現代版・徒然草【72】(第122段後半・才能論②)

今日は、昨日の続きであり、第122段の後半である。

では、昨日の記事では紹介していなかった残りの原文を読んでみよう。

①この外の事ども、多能は君子の恥づる処なり。
②詩歌に巧みに、糸竹(しちく)に妙(たえ)なるは幽玄の道、君臣これを重くすといへども、今の世には、これをもちて世を治むる事、漸(ようや)くおろかになるに似たり。
③金(こがね)はすぐれたれども、鉄(くろがね)の益多きにしかざるが如し。

以上である。

①の文では、昨日の記事でいろいろと触れたこと以外にも、知識やスキルを身につけている人はいるが、世の中を治める君子にとって、多能は恥ずべきことだと言っている。

②の文では、詩歌を詠むことに優れていて、糸竹(=管弦楽器のこと)の演奏が素晴らしくても、世の中を治めるためには何の益にもならないと言っている。

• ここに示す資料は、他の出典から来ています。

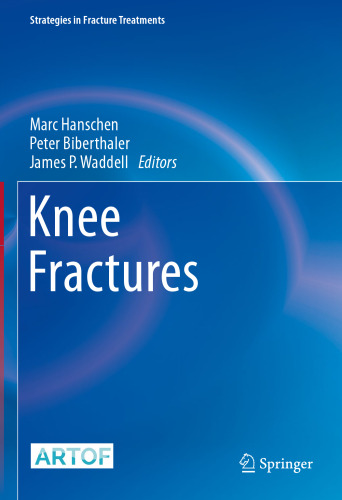 Knee Fractures (Strategies in Fracture Treatments)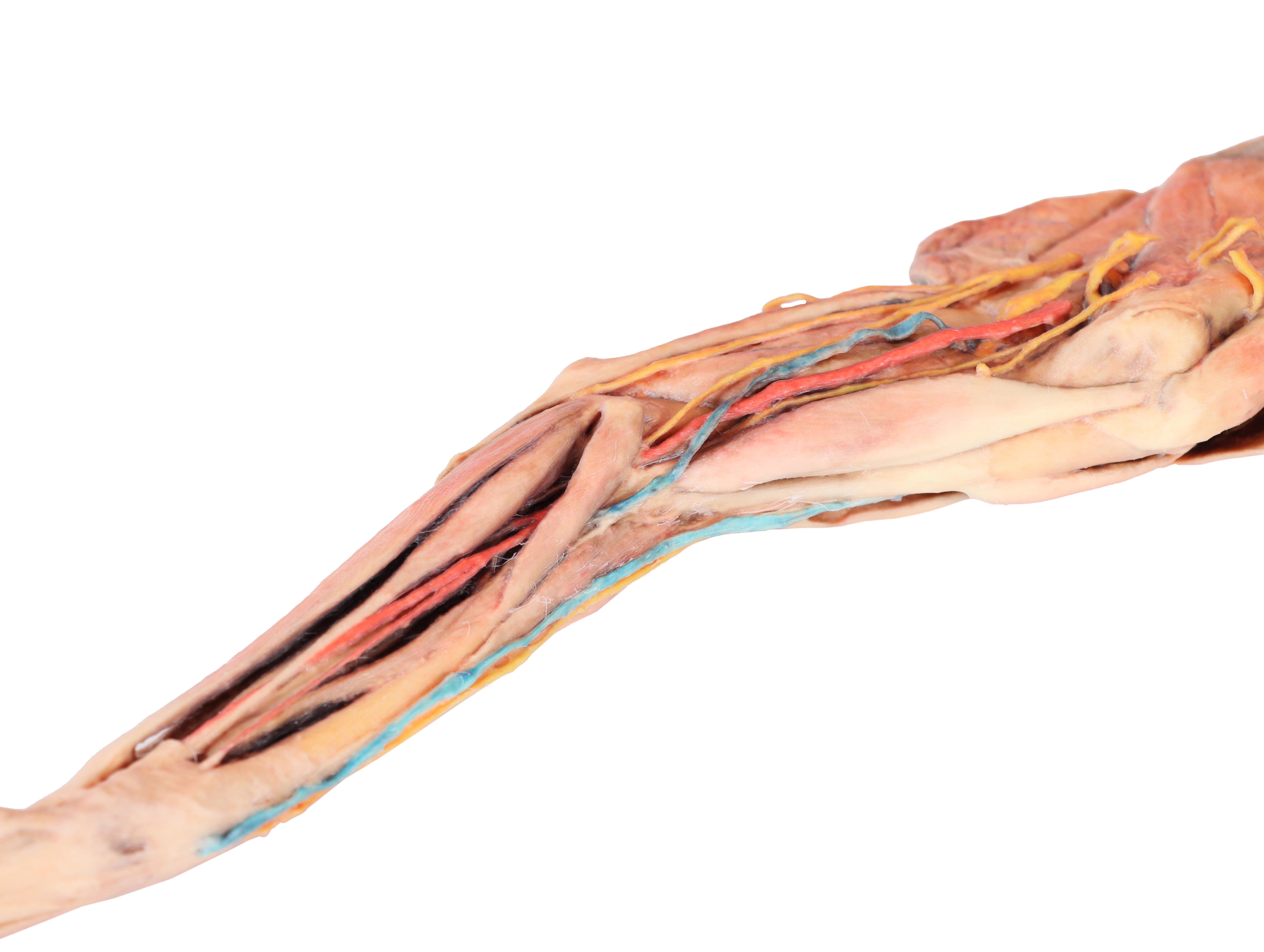 Dog-forelimb---muscles,-tendons,-ligaments,-vessels-and-nerves-distal-to-the-elbow-5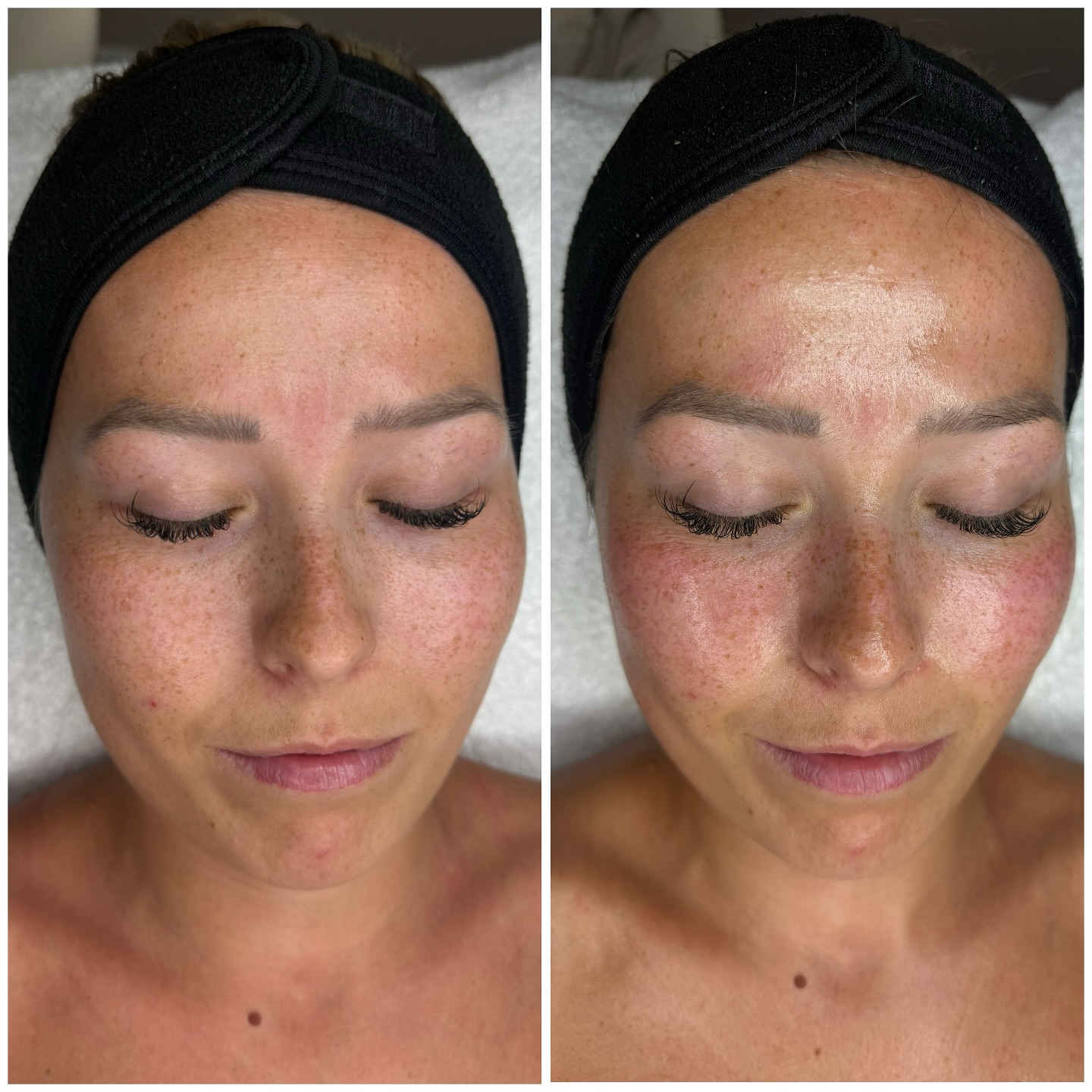 Can we just take a minute for this beauty and her amazing Oxy Pro result!! 🥰
🫧The Oxy Pro facial delivering glowing skin time and time again, breathing new life into the skin 🫧
This treatment involves non-strenous facial yoga which boosts circulation, bringing more oxygen to the cells meaning a reduction in stress and inflammation and resulting in healthier more radiant skin 💫
Available at Jessica Abbott Cosmetics in Barham
and Birchington
#GlowingSkin #HealthySkin #skinrejuvenation #selfcare #glassskin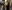 Full-face fat grafting (autologous fat transfer) — Mind Plastic Surgery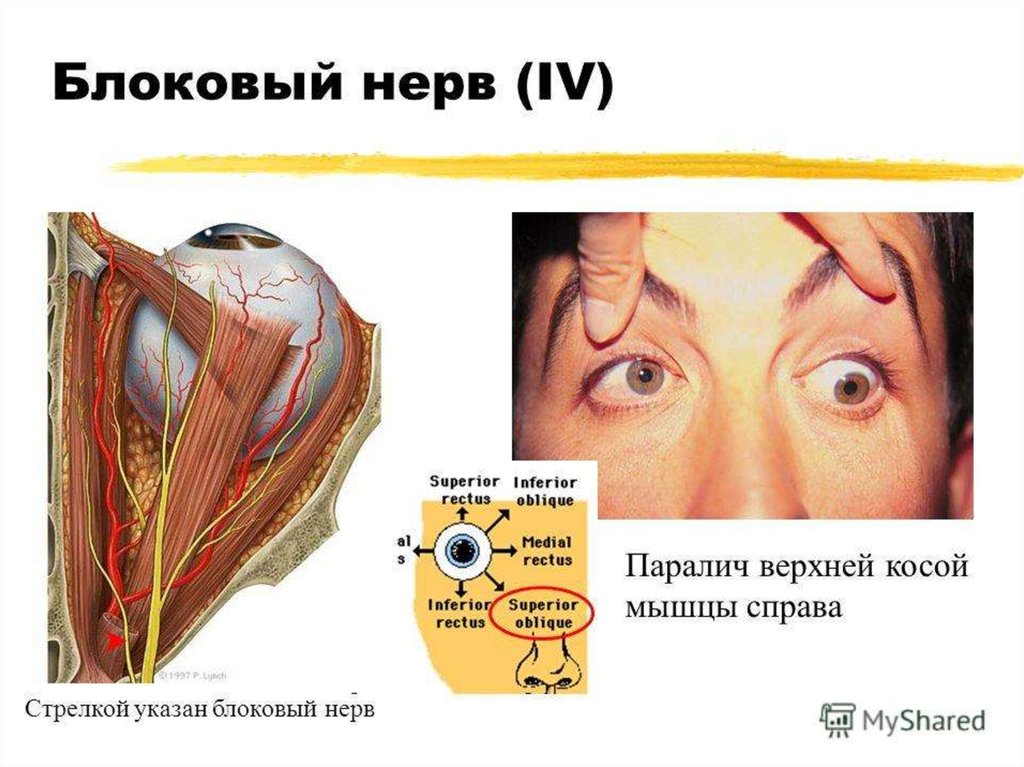 Блоковый нерв неврология презентация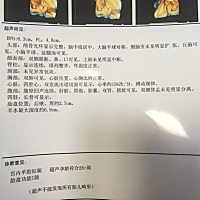 懂得朋友帮忙看看是个小哥哥还是个小妹妹呢？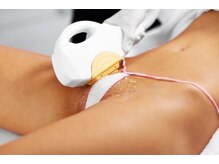 シエル(Ciel)/★都度払い有★VIO脱毛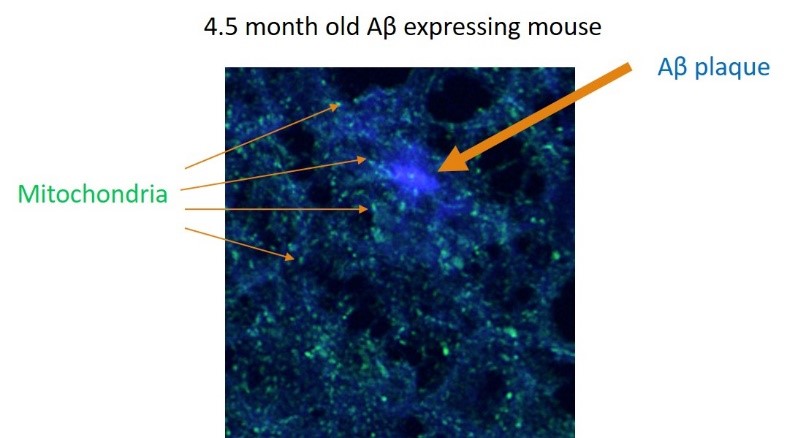 Multiphoton in vivo image of 4.5 month-old mouse with Alzheimer's disease, pointing out mitochondria and β-amyloid (Aβ) plaques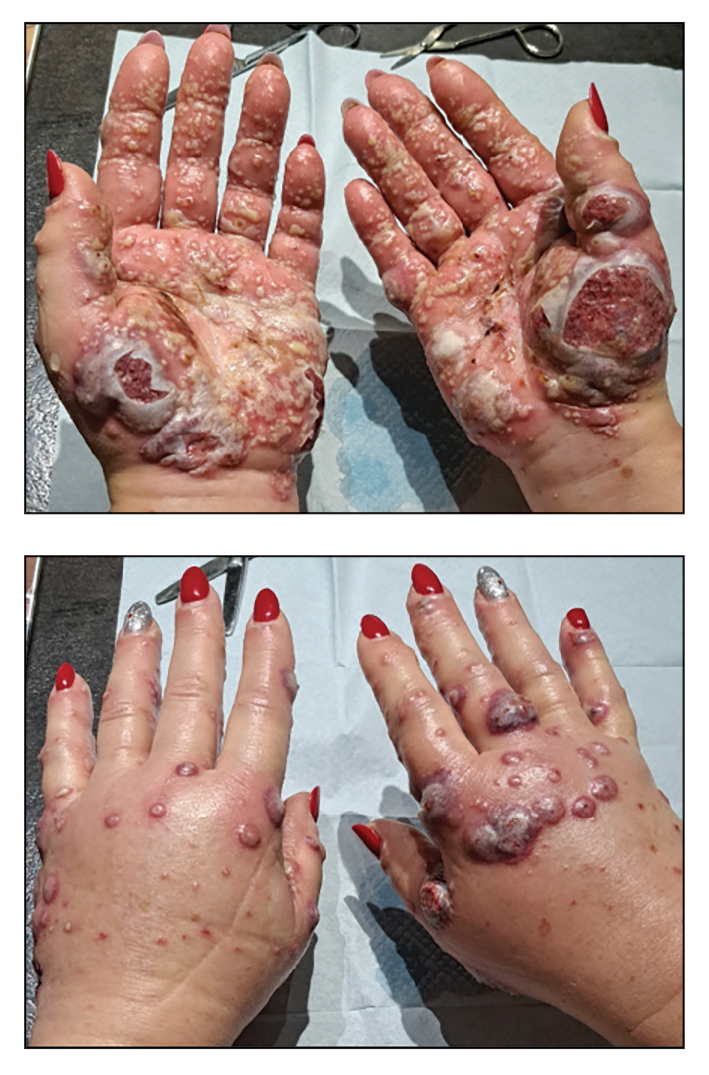 CT117001045_e-Quiz_top_bottom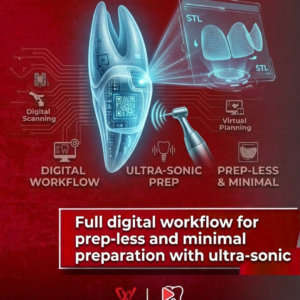 full digital workflow for prep-less and minimal preparation with ultra-sonic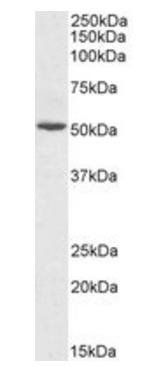 Goat anti-ALT1 / GPT1 (aa391-405) Antibody
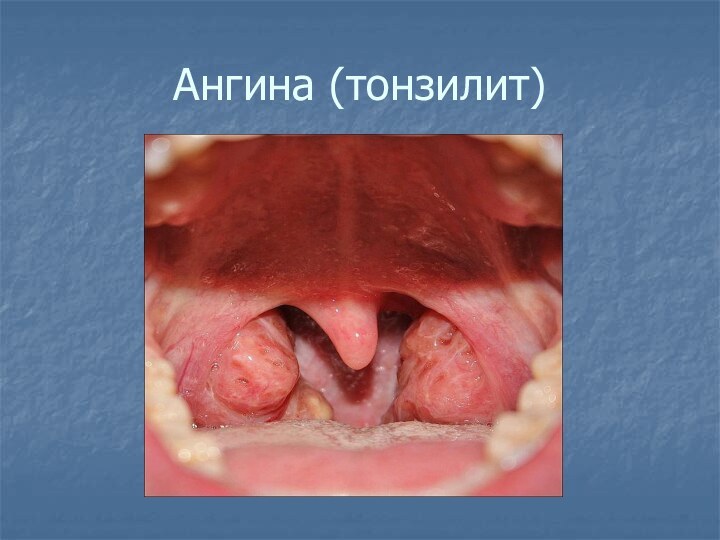 Ангина (тонзилит)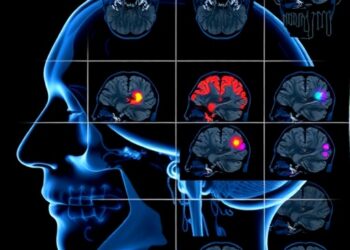 Enhanced Alzheimer’s Detection via Machine Learning Optimization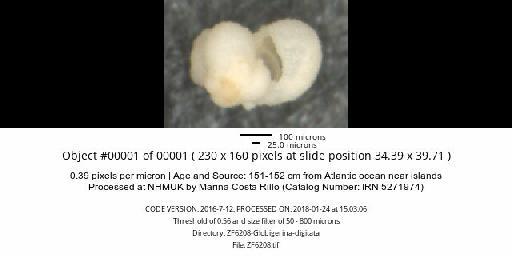 Beella digitata (Brady, 1879) emend. Banner and Blow, 1959 - ZF6208-Globigerina-digitata_obj00001_plane000.jpg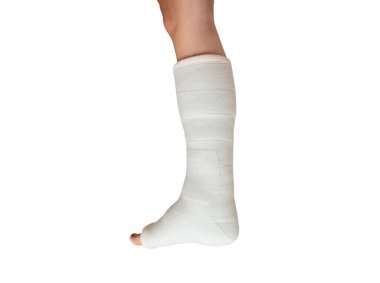 Bacağı kırık bir kadın. Bacak alçıda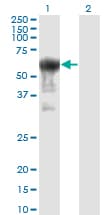 IHC-plus™ Monoclonal Mouse anti-Human PRUNE Antibody (clone 1C11, IHC, WB)
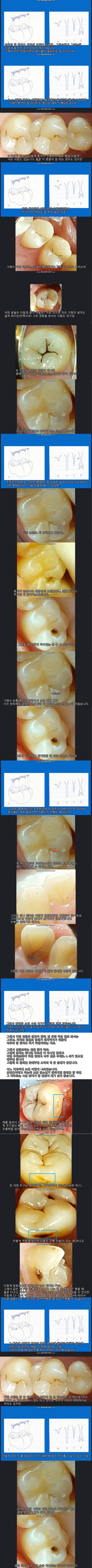 치아건강이 운빨좆망겜인이유 | 인스티즈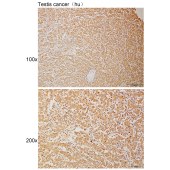 Solarbio K111117P Anti-RNF19A Polyclonal Antibody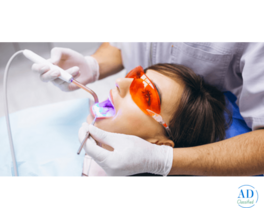Professional Teeth Whitening in Ludhiana at Forever Smiles Dental Clinic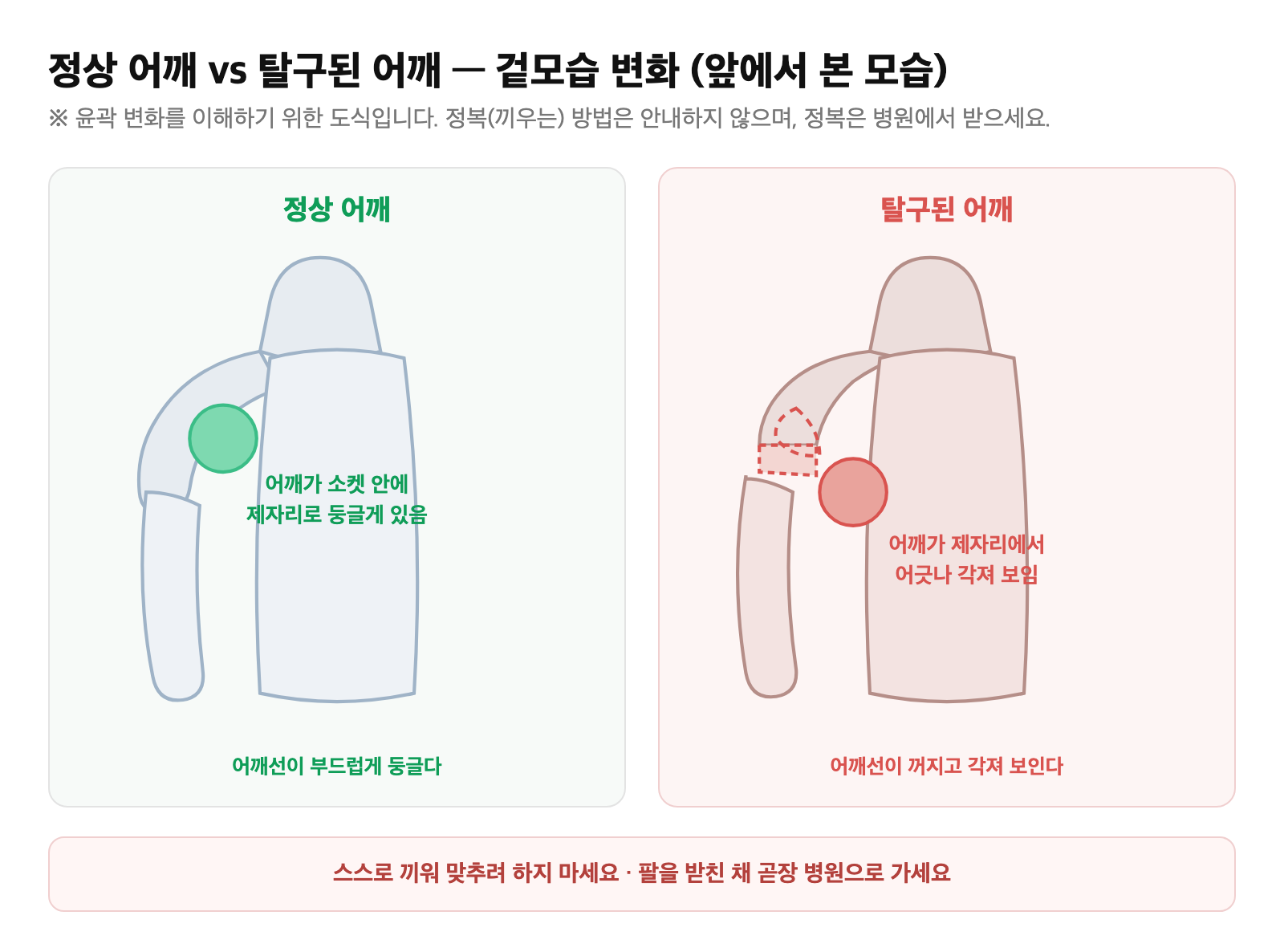 정상 어깨 윤곽과 탈구로 각지게 변형된 어깨 모습 비교 도식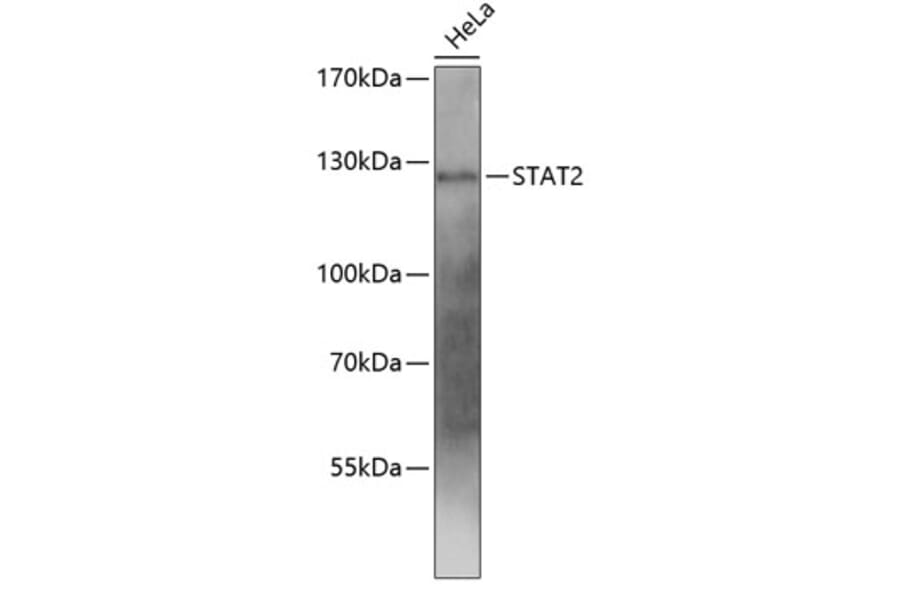 Western Blot - Anti-STAT2 Antibody (A0913) - Antibodies.com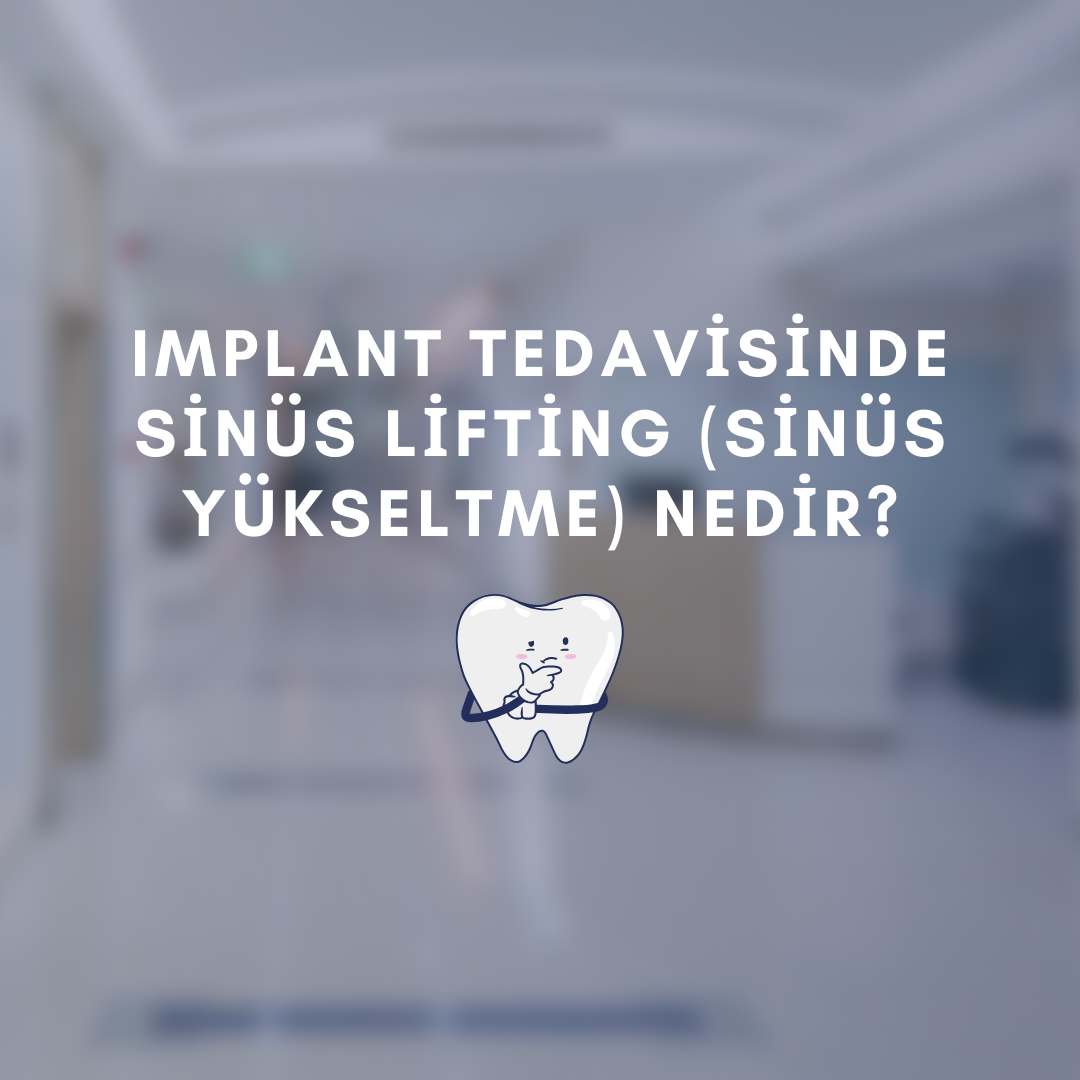 implant tedavisinde sinüs lifting (sinüs yükseltme) nedir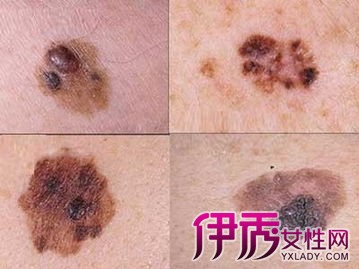【图】皮肤癌早期症状图片 皮肤癌的病因 皮肤癌的预防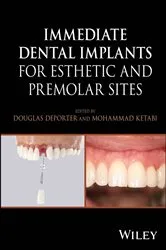Book cover of Immediate Dental Implants for Esthetic and Premolar Sites by Douglas Deporter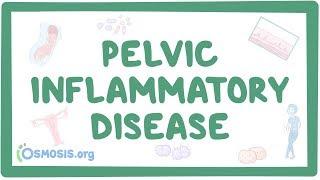 Pelvic inflammatory disease - causes, symptoms, diagnosis, treatment, pathology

最後の③でまとめているとおり、金はそれ自体、価値の高いものかもしれないが、鉄がいろいろな用途があって役立つことには及ばないと言っている。

私たちが生きていくにあたって、例えば、計算なんて電卓があるからできなくても大丈夫だとか、漢字なんてスマホで変換できるから、知らなくても困らないとか言う人はいるだろう。

たしかに、昔はそろばんで商売人は客に払うお釣りや売上げを計算していたのが、今やレジ打ちができれば、機械が計算してくれる。

また、手紙を書く機会がほとんどなくなり、メールの文字打ちができれば、相手とのやり取りは可能である。

でも、これは、人間が自ら考える機会を奪っているに等しく、今やChatGPTがあれば、何でも解決できると喜ぶ人も増えつつある。

一流のスポーツ選手、あるいは、その素質があってトップクラスを目指す人のように、一つの特技に人生の一部をかけて集中する人は、君子の例と同様に、他の知識やスキルなどは習得する余裕はない。かえって、時間の無駄である。

だが、専門家として生計を立てないのであれば、やはり世の中を生き抜くにあたって、幅広い教養を身につけるのは大切なことなのである。